9 February, 2007
Break free expensive
Last month, I reported Wired's advice about disabling the RFID chips in new US passports. It seems a similar situation applies to new UK 'ePassports' which contain biometric data stored on a smartcard chip. Though I obviously wouldn't recommend deliberately breaking one, the National Audit Office has confirmed that a passport containing a non-functioning chip is still entirely valid as a travel document.
One is supposed to have a 'defective' passport replaced.
According to the NAO: "If failure is detected at border control, the holder will be issued with a letter advising them to contact the issuing authority. The Identity and Passport Service (IPS) will examine any faulty ePassports returned to it and, where it concludes the chip unit contains a manufacturing fault, the ePassport will be replaced free of charge."
Yet, as The Register
observes, there's no incentive for an individual to comply, and a significant disincentive.

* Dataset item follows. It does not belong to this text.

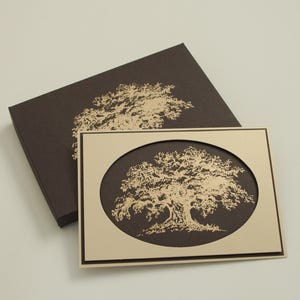 Biglietto d'auguri di lusso color cioccolato con una quercia – Biglietto fatto a mano, busta per soldi ed elegante confezione regalo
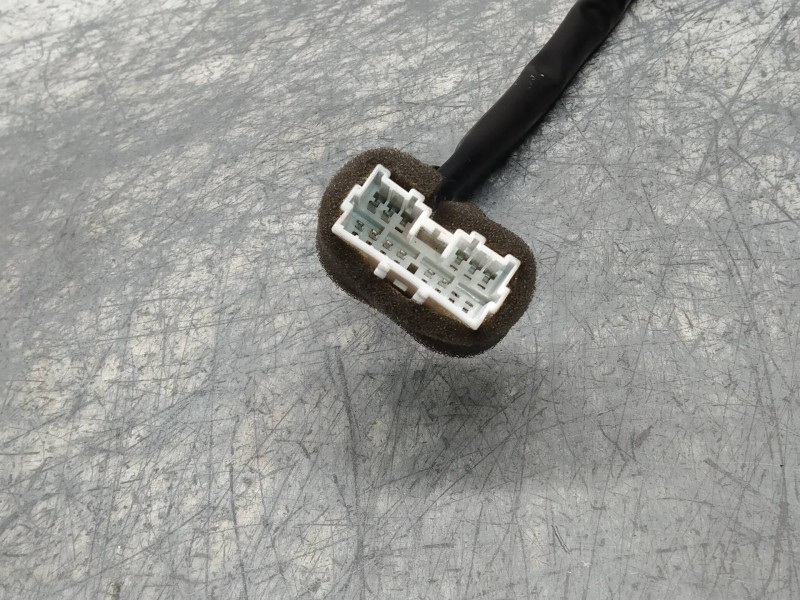 Recambio de mando limpia para ssangyong musso 2.9 turbodiesel cat referencia OEM IAM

Which is where we came in. Suckers who've acted on the letter by allowing IPS to take their passport hostage will be forced to cough up for a new one, except in the unlikely event that Philips [the chip manufacturer] screwed up. So if you're handed that letter, don't act on it. And if thousands, or tens of thousands of people are handed that letter, IPS will have a problem that it's not going to be able to park with Philips.
That's the main point of this entry, but another detail approaches 'stranger than fiction' status. Though, by definition, a UK passport lasts ten years, the IPS only negotiated a two-year manufacturer's warranty from Philips. This rather implies that the chips are only expected to last that long. What happens after that? Either the cost of replacement falls on the bearer, which hardly seems reasonable, or the state (i.e. taxpayers i.e. me) can expect to cover considerable, initially unstated, additional costs.